The normal schools and the training schools and the teachers’ colleges must be the nurseries of craft ideals and standards. The instruction that they offer must be upon a plane that will command respect. The intolerable pedantry and the hypocritical goody-goodyism must be banished forever. The crass sentimentalism by which we attempt to cover our paucity of craft ideals must also be eliminated. Those who are most strongly imbued with ideals are not those who cheapen the value of ideals by constant verbal reiteration. Ideals do not often come through explicitly imparted precepts. They come through more impalpable and hidden channels,—now through stately buildings with vine-covered towers from which the past speaks in the silence of great halls and cloistered retreats; now through the unwritten and scarcely spoken traditions that are expressed in the very bearing and attitude of those to whom youth looks for inspiration and guidance; now through a dominant and powerful personality, sometimes rough and crude, sometimes warm-hearted and lovable, but always sincere. Traditions and ideals are the most priceless part of a school’s equipment, and the school that can give these things to its students in richest measure will have the greatest influence on the succeeding generations.

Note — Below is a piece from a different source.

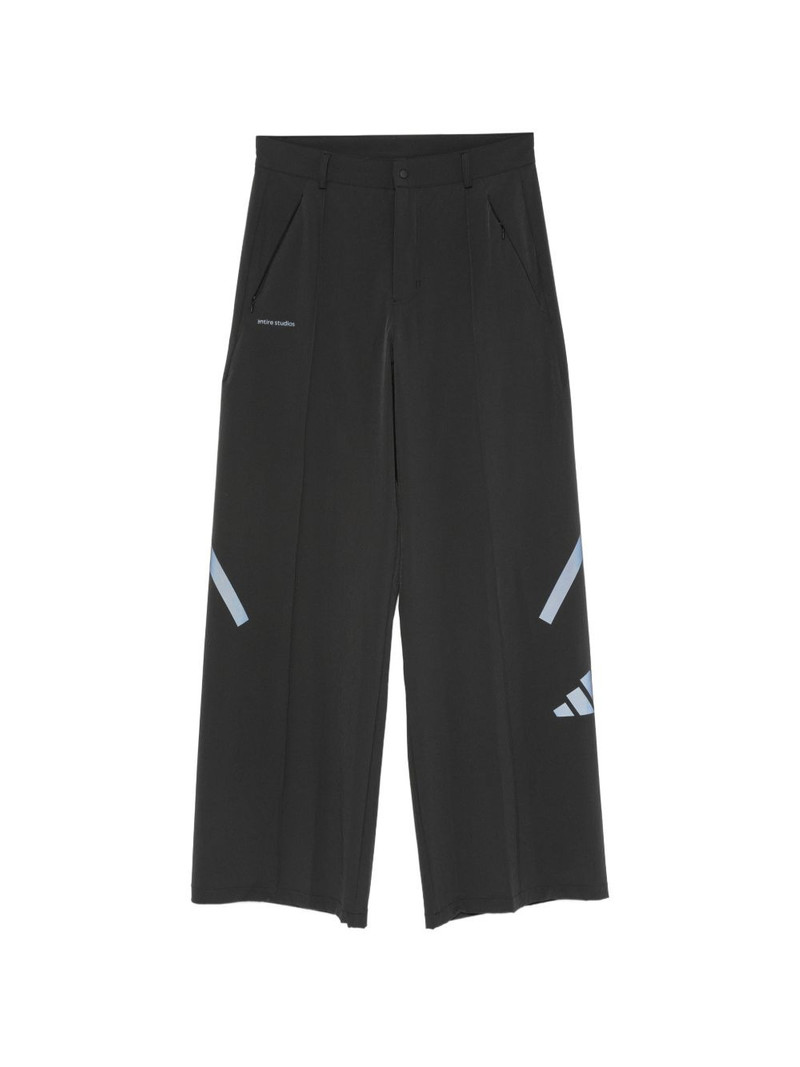 x entire studios Z.N.E. logo-print wide-leg trousers 1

[Footnote 6: A paper read before the Normal and Training Teachers’ Conference of the New York State Teachers’ Association, December 27, 1907.]
[Footnote 7: See Educative Process, New York, 1910, Chapter XX.]
[Footnote 8: Rowe’s Habit Formation (New York, 1909), Briggs and Coffman’s Reading in Public Schools (Chicago, 1908), Foght’s The American Rural School, Adams’s Exposition and Illustration in Class Teaching (New York, 1910), and Perry’s Problems of Elementary Education (New York, 1910) should certainly be added to this list.]
[Footnote 9: “It seems to me one of the most pressing problems in pedagogy to-day is that of method.... It is the subject in which teachers of pedagogy in Colleges and Universities are weakest to-day. Of what practical value is all our study of educational psychology or the history of education, our child study, our experimental pedagogy, if it does not finally result in the devising of better methods of teaching, and make the teacher more skillful and effective in his work.”—T.M. BALLIET: “Undergraduate Instruction in Pedagogy,” Pedagogical Seminary, vol. xvii, 1910, p. 67.]